An issue was also raised whether specification of the fax format is relevant to PINT. The
response was: Yes, we need to specify the format because we are transferring the source
data with the request. It was emphasized that this has nothing to do with Internet faxing--
the fax delivery is carried purely by the PSTN. Scott will provide the clarification text in
the next version of the draft.

Another question was on relation of the PINT Server and Executive System to the "Service
Node" of the PINT Charter. Scott Bradner noted that at the time the charter was written that
term was used, but now it is clear that was not the best choice. I. Faynberg seconded this
observation, mentioning that the ITU-T SG 11 came to the same conclusion, and noted that
the relation of the Executive System to Service Node and other IN physical entities will be
explained in Hui-Lan's presentation.

The discussion of Lawrence Conroy's presentation raised the following questions:

a) Are conferencing and multicasting supported in PINT? The answer: Not in the present
phase. Only requests for two party calls are supported by the PINT Protocol.

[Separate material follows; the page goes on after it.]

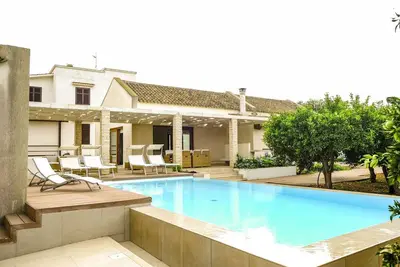 Villa à Marsala avec 5 chambres à coucher, 9 couchages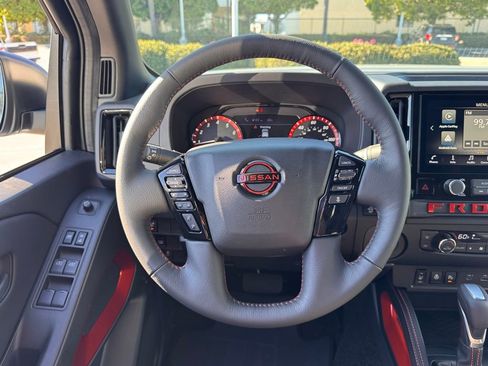 New 2026 Nissan Frontier Pro-X w/ Pro-X Convenience Package image 11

b) Can same services be delivered by IP telephony? The answer: It is likely, but this is
not the PINT WG concern.

The discussion of Henning Schulzrinne presentation (which proposed simplified session
description) raised an issue of support (with the proposed description mechanisms) of
invitations scheduled for some time ahead. This issue was deferred for the follow-up on-
line discussion.

The discussion of Hui-Lan's presentation raised no issues. The architecture she presented
was used to point out the entities (the SCF, SDF, SRF, and the SSF/CCF), whose
combination maps into the Service Node mentioned in the PINT charter; it was noted that
other combinations (e.g., SCF and SDF, for the Service Control Point) were also possible.

During the discussion of the reviewed milestones, Steve Bellovin pointed out that the
completion of the work on the PINT MIB is necessary for advancing the status of the future
PINT Protocol RFC to Draft Standard. A suggestion was made that this work be synergetic
with that of the SIP MIB (the PINT extensions would make the PINT MIB). The suggestion
was supported; the final decision was deferred to the "MIB doctors" who will pick up the work.

At the end of the meeting, it was suggested that the future PINT meetings will dedicate more
time to discussions (and less time to "tutorials"). The suggestion was supported by the chairs.
It was also noted that the decisions are actually made in on-line discussions, not at the meetings.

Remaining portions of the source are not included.